> [Problem statement]
Where an image appears in the data, omit it and reproduce the rest exactly.

> [Data segment]

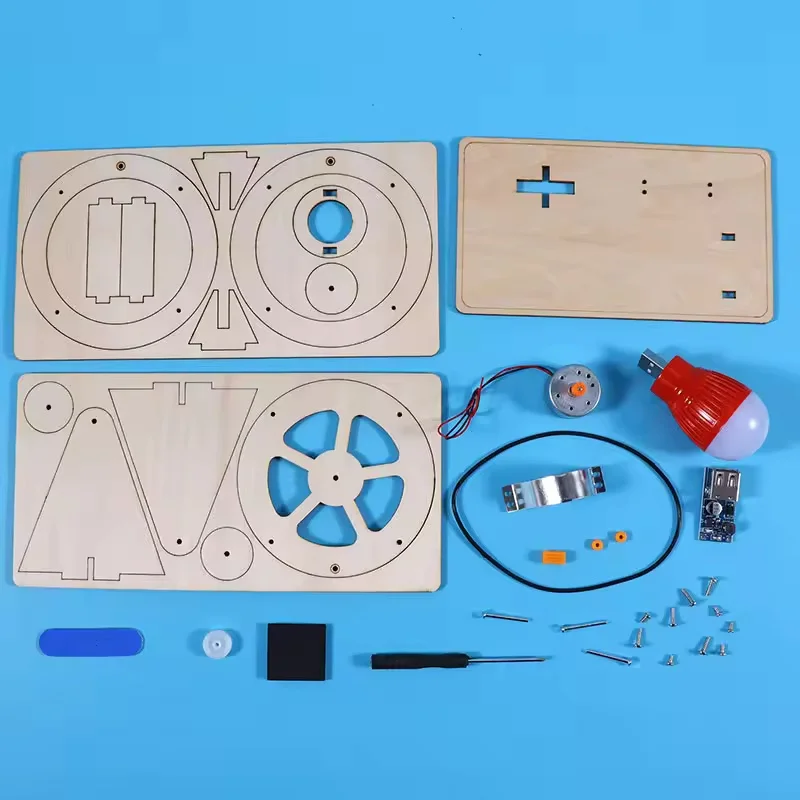 DIY Wooden Hand Generator STEM Science Kit for Kids Educational Physics Toy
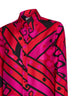 Camicia in twill di seta stampa Vivara fucsia e nero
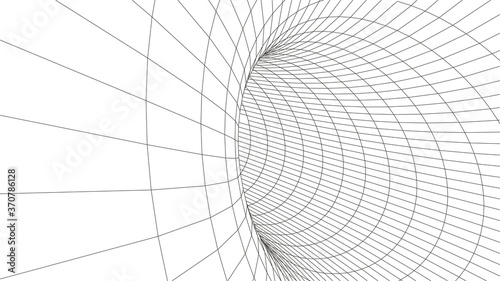 Tunnel or wormhole. Digital 3d wireframe tunnel. 3D tunnel grid. Network cyber technology. Surrealism. Background abstract vector image.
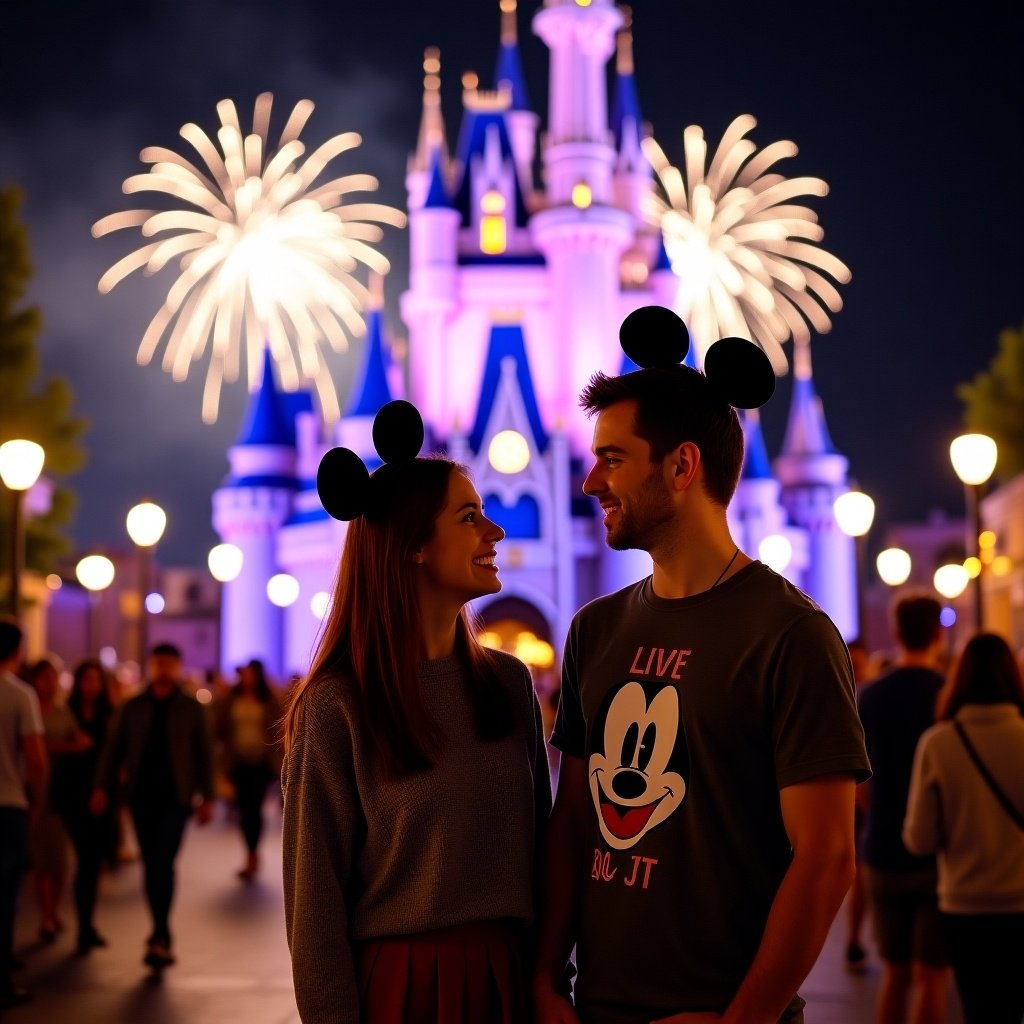 A couple stands smiling in front of a stunning castle at night. The castle is illuminated in vibrant colors with tall spires. Fireworks light up the sky behind the castle. The woman wears a grey sweater and skirt, while the man has a graphic shirt. Both wear playful headbands.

> [Exercise result]
 DIY Wooden Hand Generator STEM Science Kit for Kids Educational Physics Toy
 Camicia in twill di seta stampa Vivara fucsia e nero
 Tunnel or wormhole. Digital 3d wireframe tunnel. 3D tunnel grid. Network cyber technology. Surrealism. Background abstract vector image.
 A couple stands smiling in front of a stunning castle at night. The castle is illuminated in vibrant colors with tall spires. Fireworks light up the sky behind the castle. The woman wears a grey sweater and skirt, while the man has a graphic shirt. Both wear playful headbands.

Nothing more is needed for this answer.